**RAW DATA**

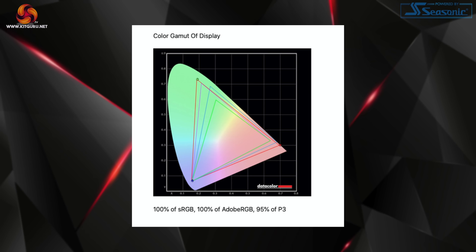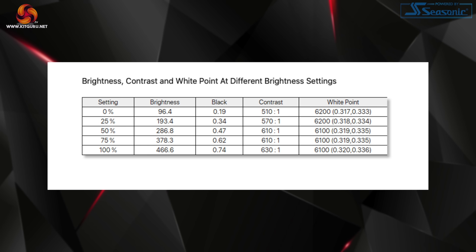Moving on to panel performance starting with our SpyderX testing. We can immediately see the benefit of the Quantum Dot technology with a super wide colour gamut — 100% sRGB, 100% Adobe RGB coverage, and 95% coverage of the DCI-P3 colour space. Brightness levels are very solid with a peak reading of 466.6 nits. Contrast isn't great however, with a peak of just 600:1, something we also observed with the 32QHD165. SpyderX units can under-report contrast, but for an IPS panel this was never going to be a particular high point.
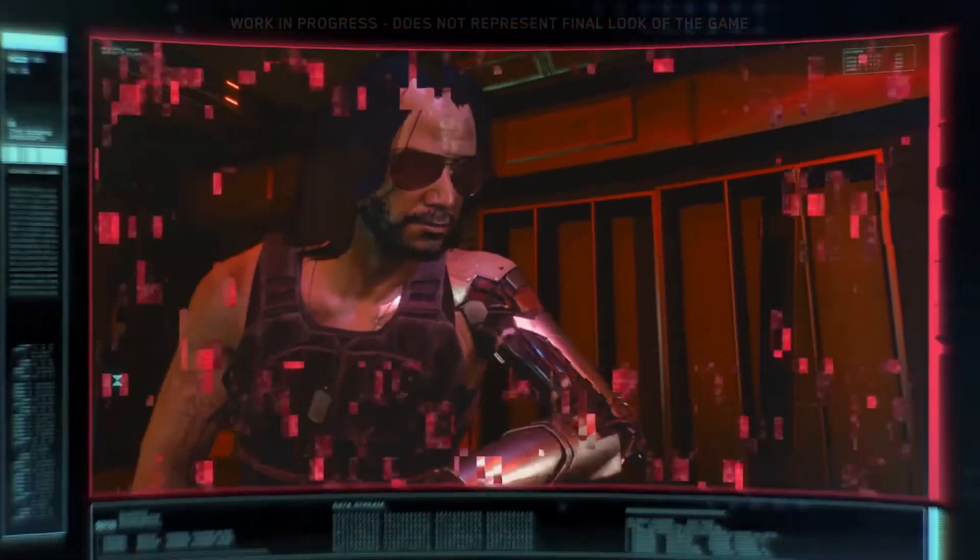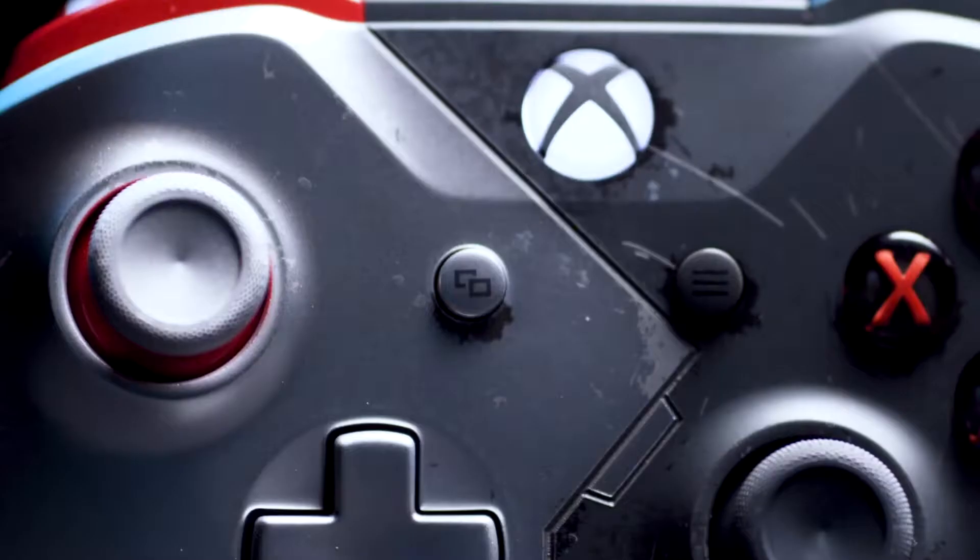Johnny Silverhand's this rocker with a bionic arm. We allowed, like, half the controller to stay as it is, and then did the bionic takeover on the other half.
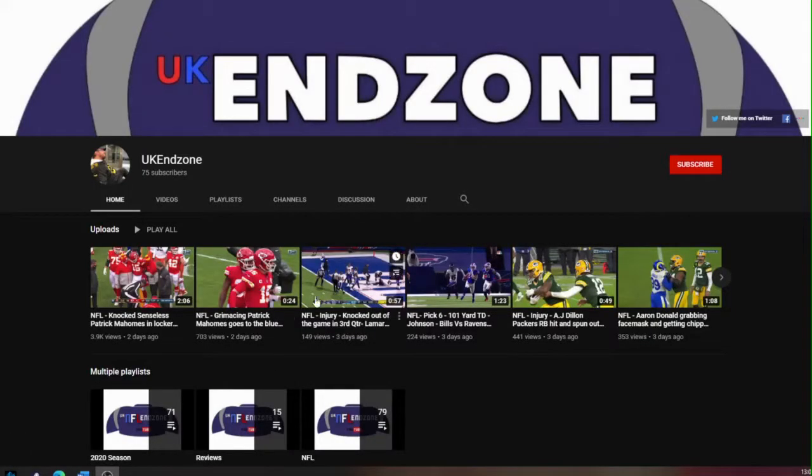Before we get underway, one of the things I would ask is please do click the subscribe button - you can do that right here, which I'm circling just at the moment. And then also hit the bell notification. You will be told when I'm posting something new and something you might find interesting. Don't forget to like.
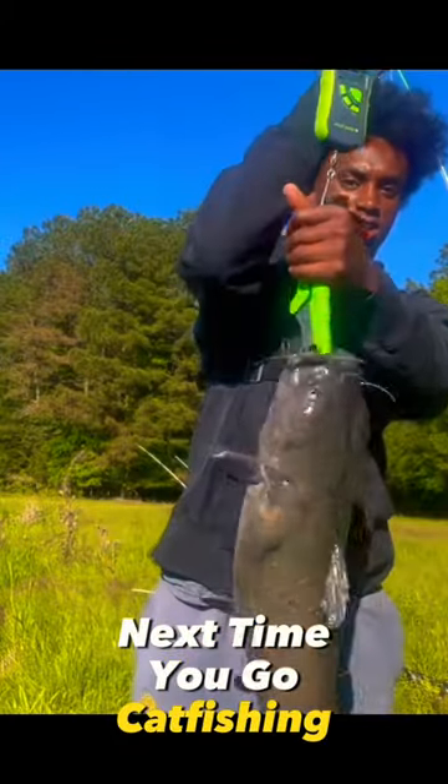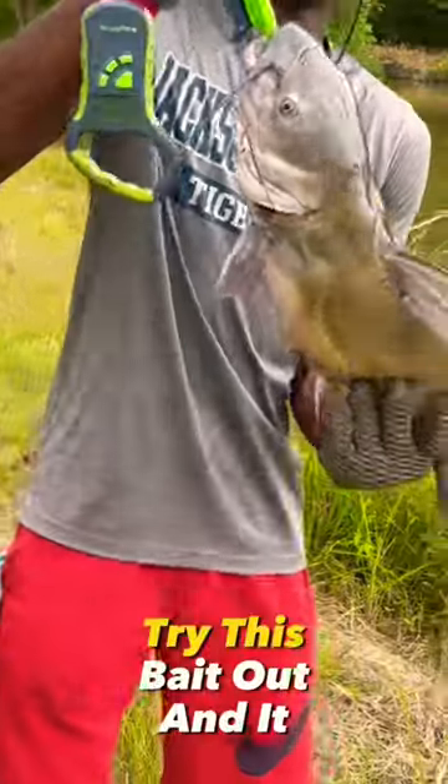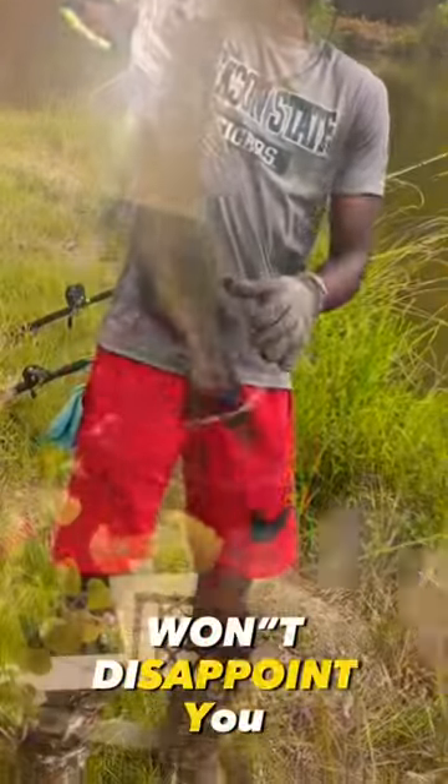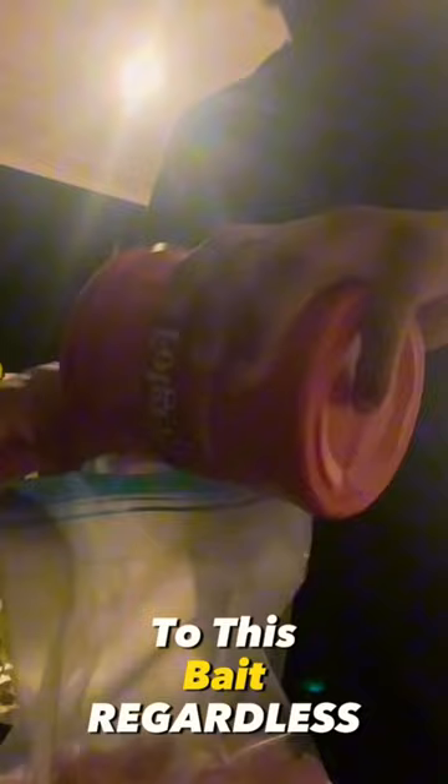Next time you go catfishing and you want to catch catfish these size, try this bait out and it won't disappoint you. Get you some chicken breasts, cut it up, and add some Folgers coffee grain to it first. The amount does not matter — these catfish are going to come to this bait regardless.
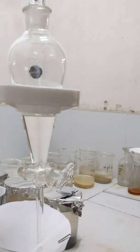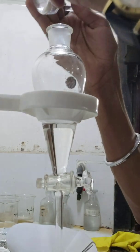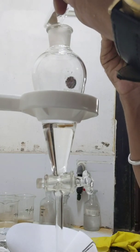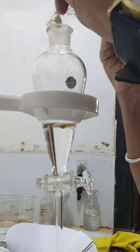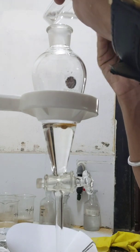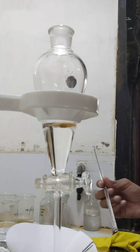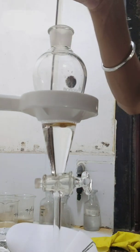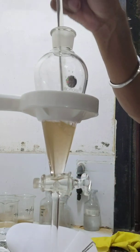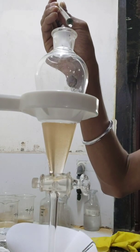So now it's time to pour the sample. Just let us open the container and put the sample into the funnel with the help of a glass rod. The amount of sample may vary. Here I am taking a very small amount of sample, and let us stir with the glass rod to make it kind of turbulent. And every process you have to put in the fume chamber.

**ABOUT THIS TASK**
Write each entry again exactly, minus any images.

**RESULT OF THE TASK**
Moving on to panel performance starting with our SpyderX testing. We can immediately see the benefit of the Quantum Dot technology with a super wide colour gamut — 100% sRGB, 100% Adobe RGB coverage, and 95% coverage of the DCI-P3 colour space. Brightness levels are very solid with a peak reading of 466.6 nits. Contrast isn't great however, with a peak of just 600:1, something we also observed with the 32QHD165. SpyderX units can under-report contrast, but for an IPS panel this was never going to be a particular high point.
Johnny Silverhand's this rocker with a bionic arm. We allowed, like, half the controller to stay as it is, and then did the bionic takeover on the other half.
Before we get underway, one of the things I would ask is please do click the subscribe button - you can do that right here, which I'm circling just at the moment. And then also hit the bell notification. You will be told when I'm posting something new and something you might find interesting. Don't forget to like.
Next time you go catfishing and you want to catch catfish these size, try this bait out and it won't disappoint you. Get you some chicken breasts, cut it up, and add some Folgers coffee grain to it first. The amount does not matter — these catfish are going to come to this bait regardless.
So now it's time to pour the sample. Just let us open the container and put the sample into the funnel with the help of a glass rod. The amount of sample may vary. Here I am taking a very small amount of sample, and let us stir with the glass rod to make it kind of turbulent. And every process you have to put in the fume chamber.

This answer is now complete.